◆ **Try it**
Return the data below exactly, please, but drop the pictures.

(Stored items)
- - - - -
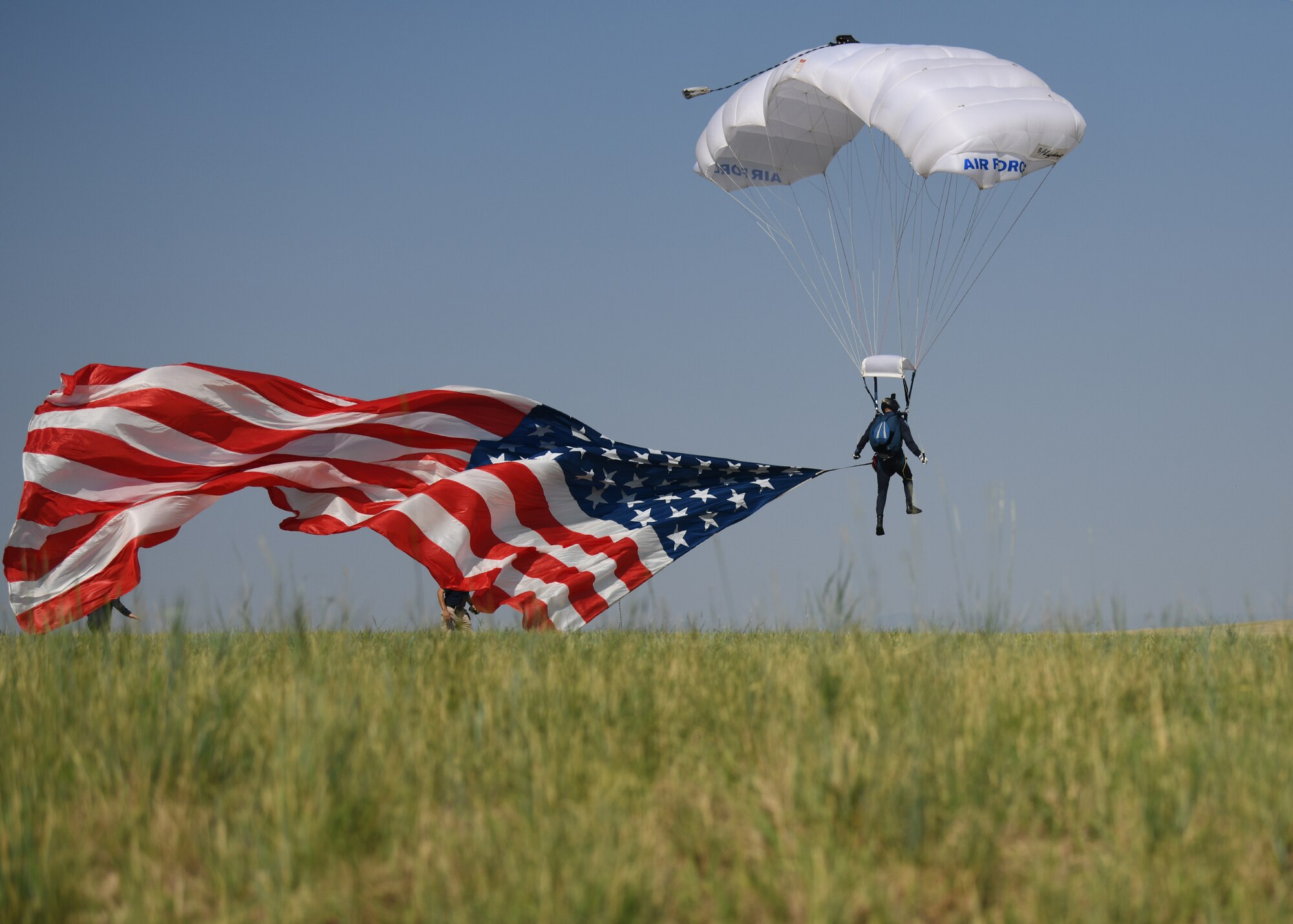 A skydiver with Wings of Blue, the U.S. Air Force Academy parachute demonstration team, descends to earth during the Wings over Warren air show July 28, 2021 at F. E. Warren Air Force Base, Wyoming. Wings over Warren is an annual air show scheduled in conjuction with Cheyenne Frontier Days. (U. S. Air Force photo by Airman 1st Class Darius Frazier)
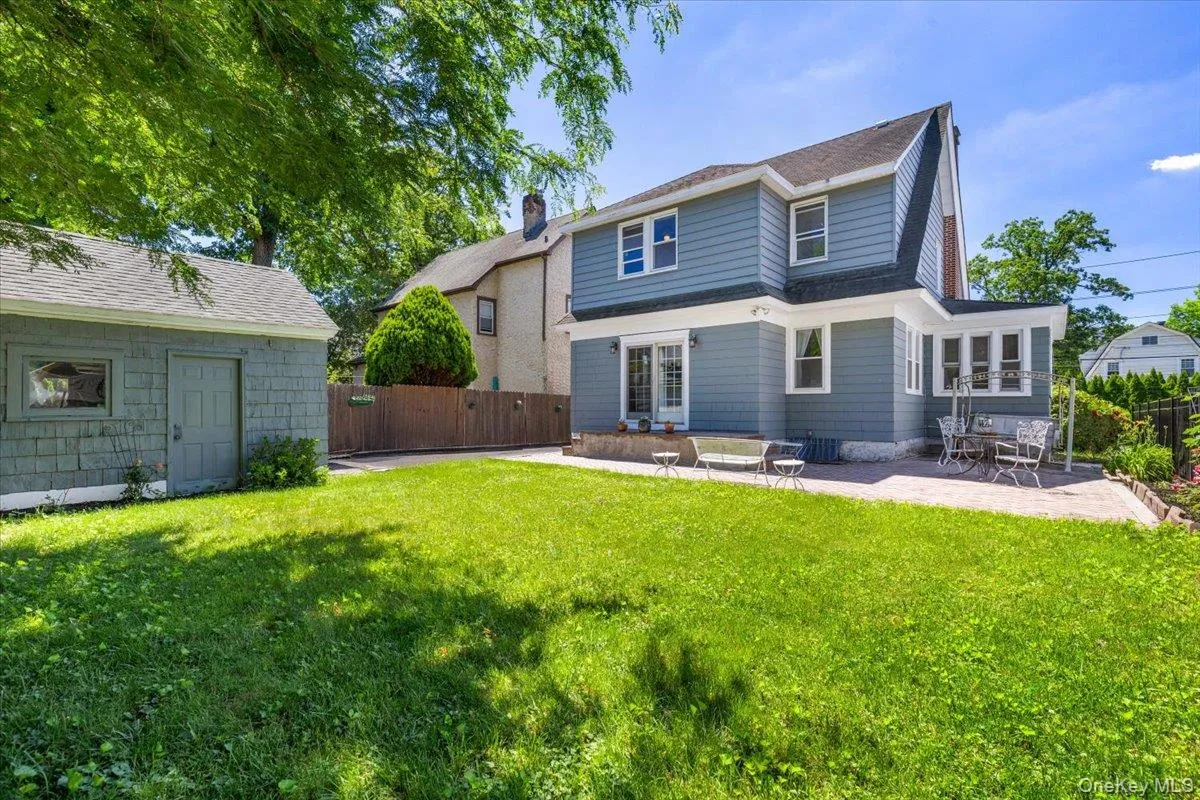 Expansive green lawn with a detached storage shed featuring shingle siding Expansive green lawn with a detached storage shed featuring shingle siding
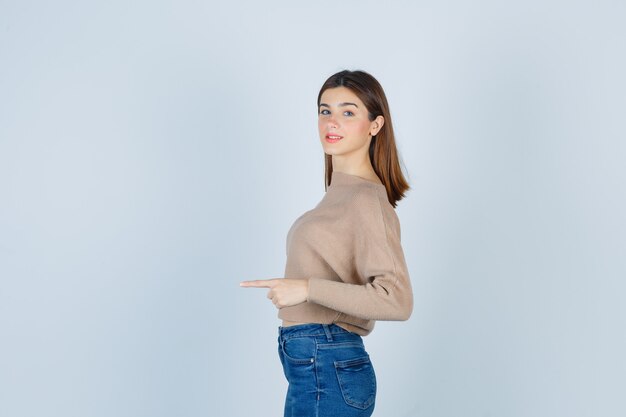 Портрет девушки, указывающей куда-то, стоя боком в свитере, джинсах и весело выглядящей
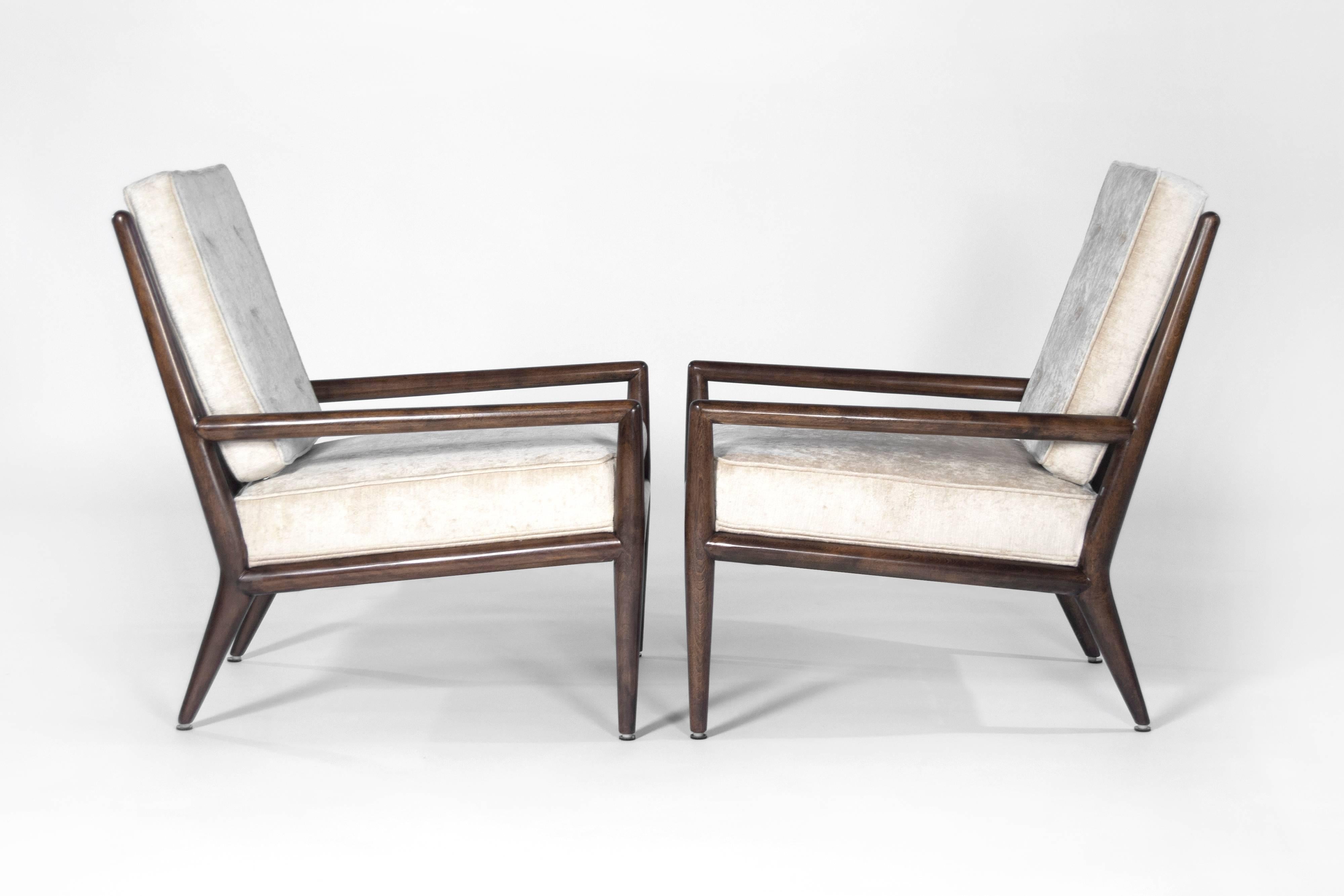 Lovely pair of Classic lounge chairs by T.H. Robsjohn-Gibbings for Widdicomb. Walnut fully restored. Re-upholstered in a very subtle beige chenille.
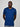 A tall and slim guy in the studio, hands behind back and wearing a navy blue L tall slim v-neck t-shirt.
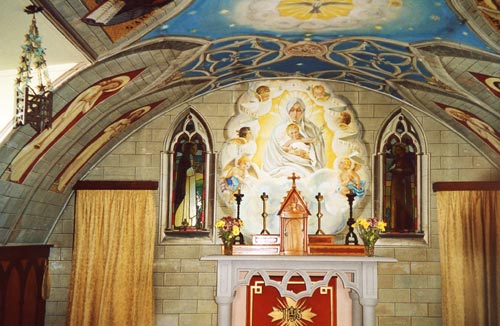 L’altare con la Madonna dell’Ulivo (da un’opera di Nicolò Barabino); a sinistra una delle lampade realizzate riciclando le scatolette di latta. Le tende in tessuto damascato che chiudono l’accesso alla sacrestia furono acquistate a Exeter con il fond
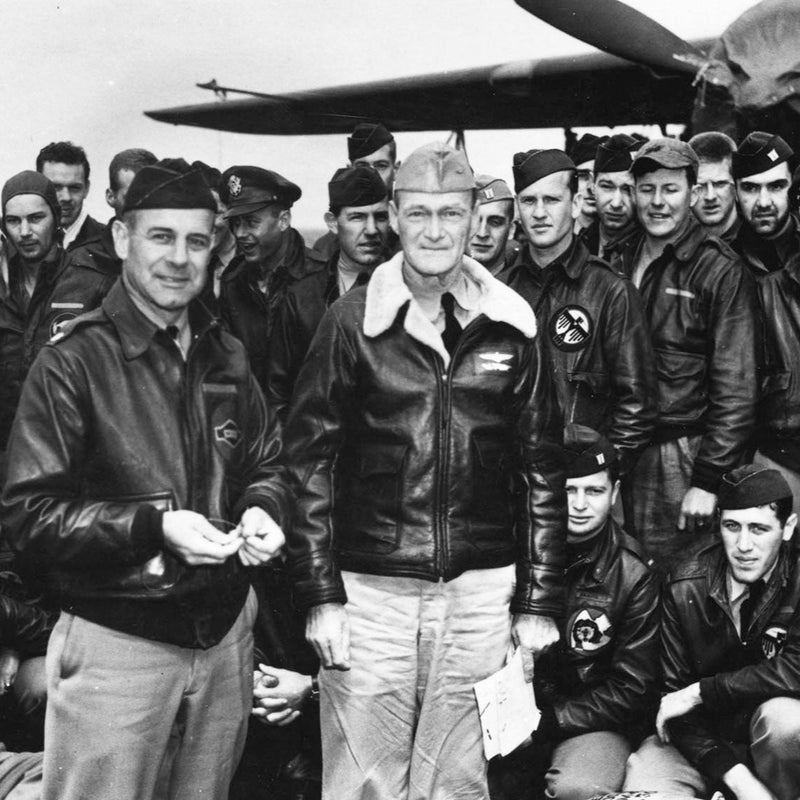 Group of World War II era military aviators posing together.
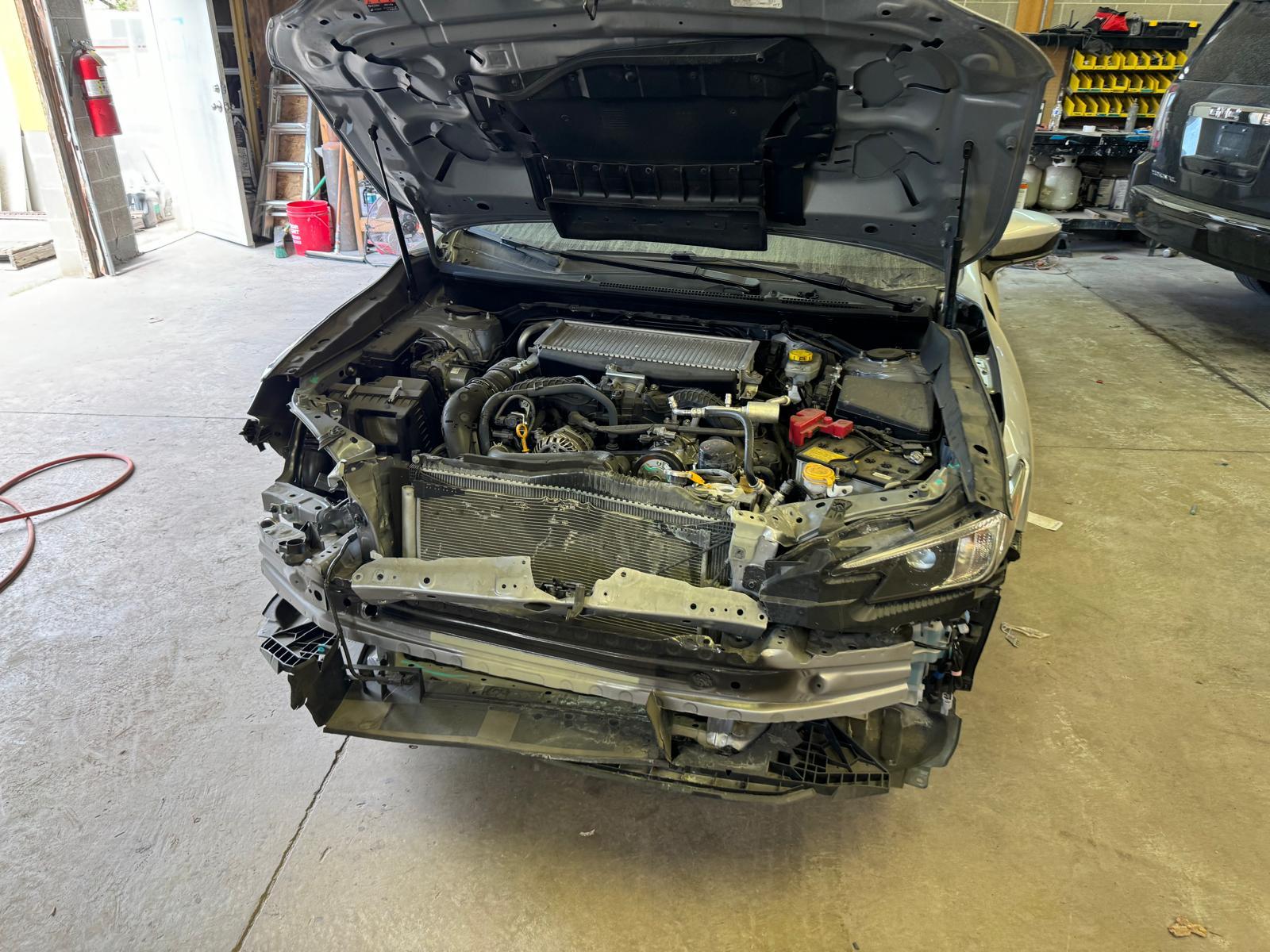 front end collision disassembly and radiator support rebuild by Salgado's Auto Spot in Taylorsville UT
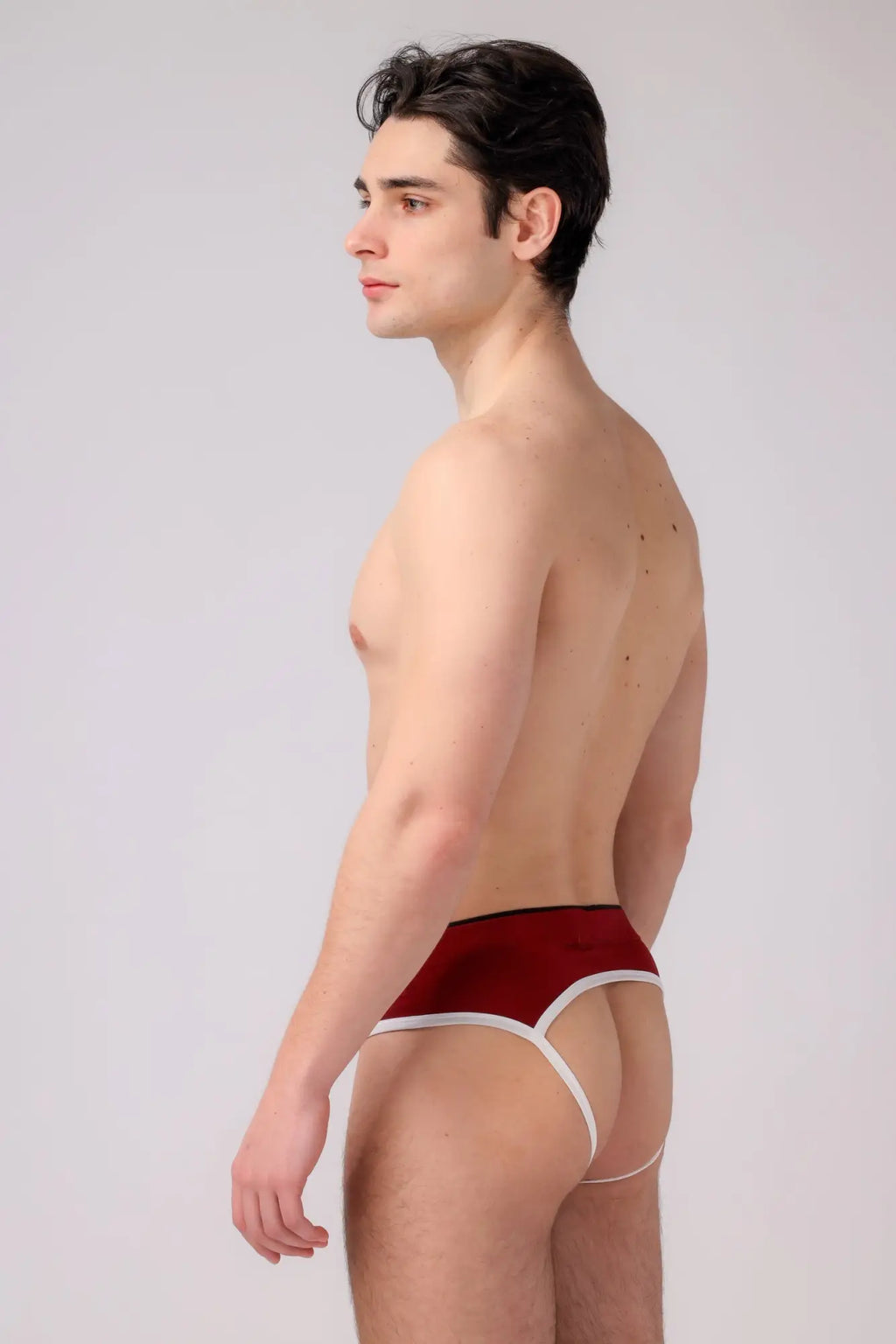 A man wearing burgundy briefs with white trim shown from the back in the AS Me Jockstrap product image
- - - - -
◆ **Exercise solution**
 A skydiver with Wings of Blue, the U.S. Air Force Academy parachute demonstration team, descends to earth during the Wings over Warren air show July 28, 2021 at F. E. Warren Air Force Base, Wyoming. Wings over Warren is an annual air show scheduled in conjuction with Cheyenne Frontier Days. (U. S. Air Force photo by Airman 1st Class Darius Frazier)
 Expansive green lawn with a detached storage shed featuring shingle siding Expansive green lawn with a detached storage shed featuring shingle siding
 Портрет девушки, указывающей куда-то, стоя боком в свитере, джинсах и весело выглядящей
 Lovely pair of Classic lounge chairs by T.H. Robsjohn-Gibbings for Widdicomb. Walnut fully restored. Re-upholstered in a very subtle beige chenille.
 A tall and slim guy in the studio, hands behind back and wearing a navy blue L tall slim v-neck t-shirt.
 L’altare con la Madonna dell’Ulivo (da un’opera di Nicolò Barabino); a sinistra una delle lampade realizzate riciclando le scatolette di latta. Le tende in tessuto damascato che chiudono l’accesso alla sacrestia furono acquistate a Exeter con il fond
 Group of World War II era military aviators posing together.
 front end collision disassembly and radiator support rebuild by Salgado's Auto Spot in Taylorsville UT
 A man wearing burgundy briefs with white trim shown from the back in the AS Me Jockstrap product image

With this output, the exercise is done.